§ Given entries
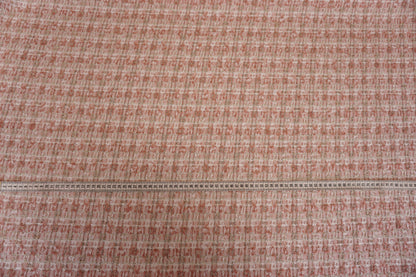 Bouclé-Kostümstoff – Elegante Struktur für zeitlose Couture-Looks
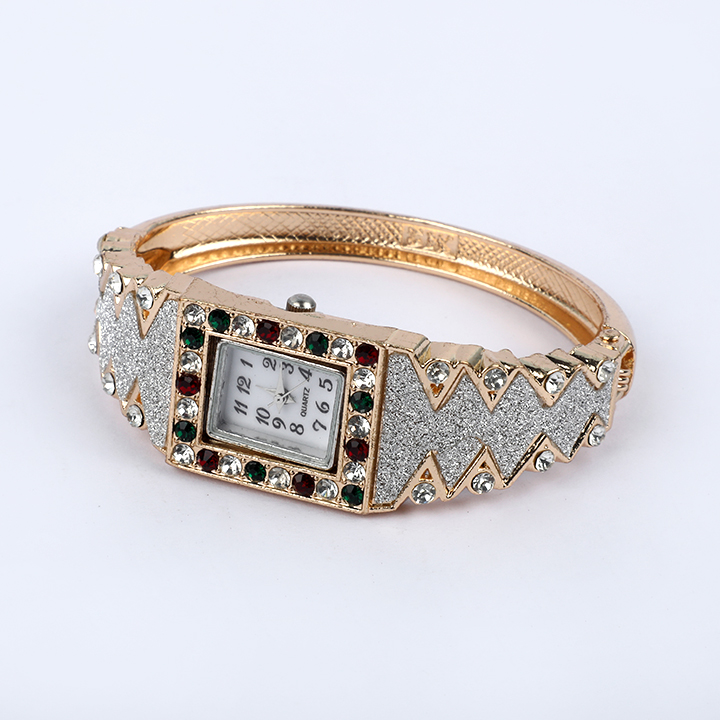 Vintage Fashionable Bracelet Stone Watches For Ladies 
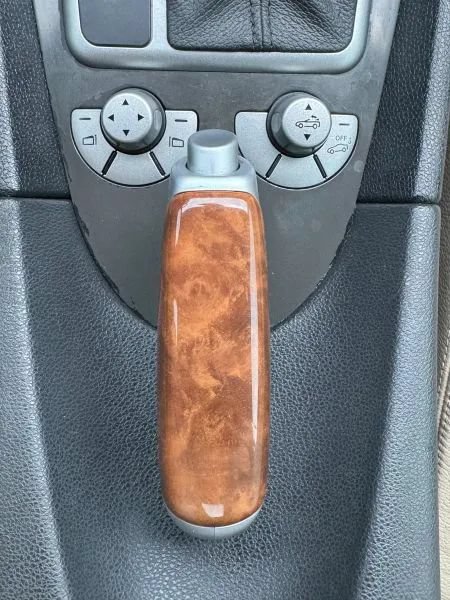 Used 2011 Mercedes-Benz SLK 300 image 35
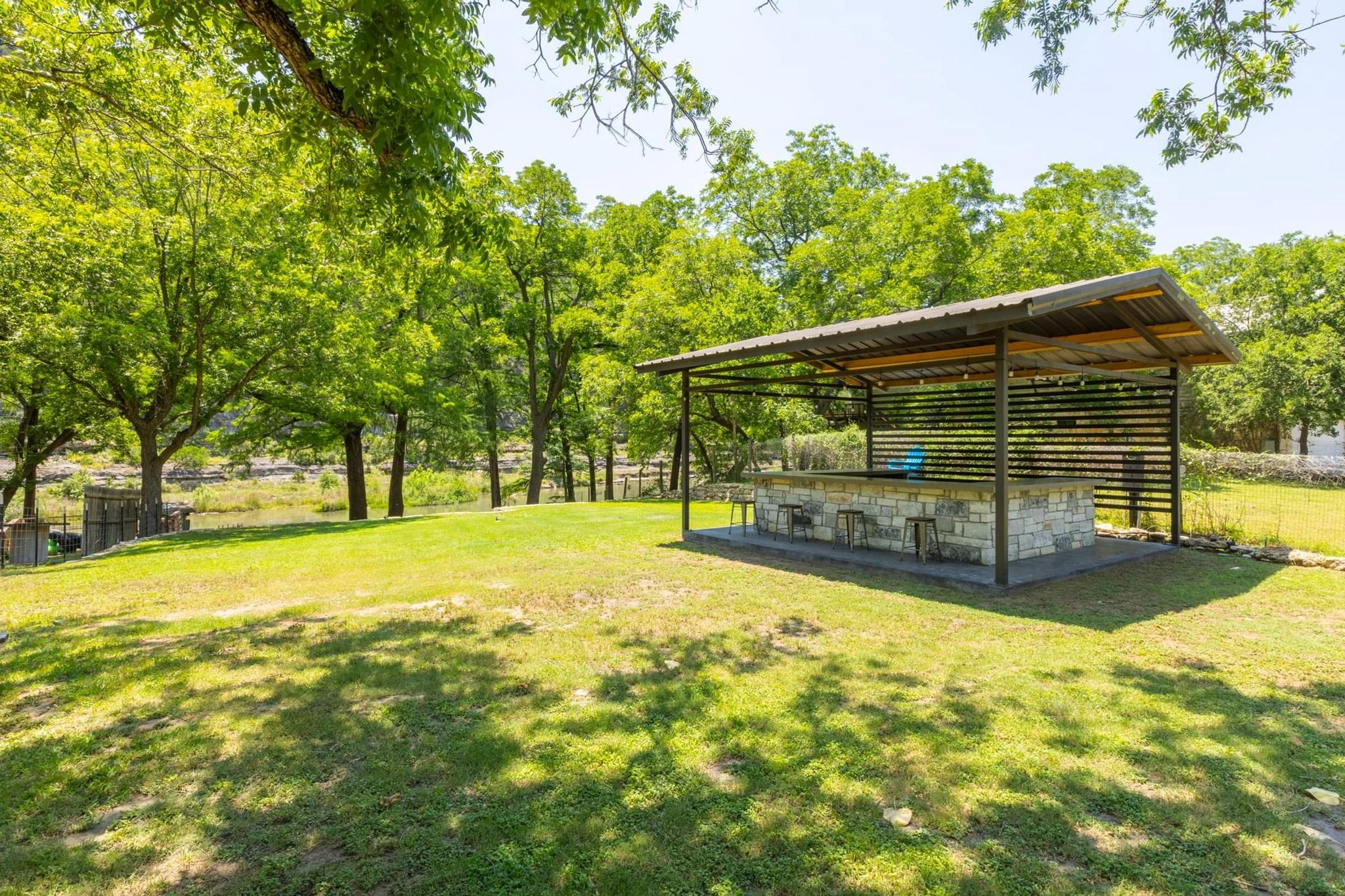 8560 RIVER RD Rd, New Braunfels, TX 78132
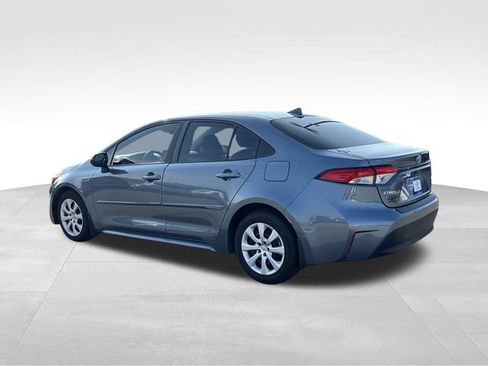 Used 2024 Toyota Corolla LE FWD image 3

§ Task to complete
Everything in the data except the pictures must be transcribed exactly.

§ Response for this exercise
 Bouclé-Kostümstoff – Elegante Struktur für zeitlose Couture-Looks
 Vintage Fashionable Bracelet Stone Watches For Ladies 
 Used 2011 Mercedes-Benz SLK 300 image 35
 8560 RIVER RD Rd, New Braunfels, TX 78132
 Used 2024 Toyota Corolla LE FWD image 3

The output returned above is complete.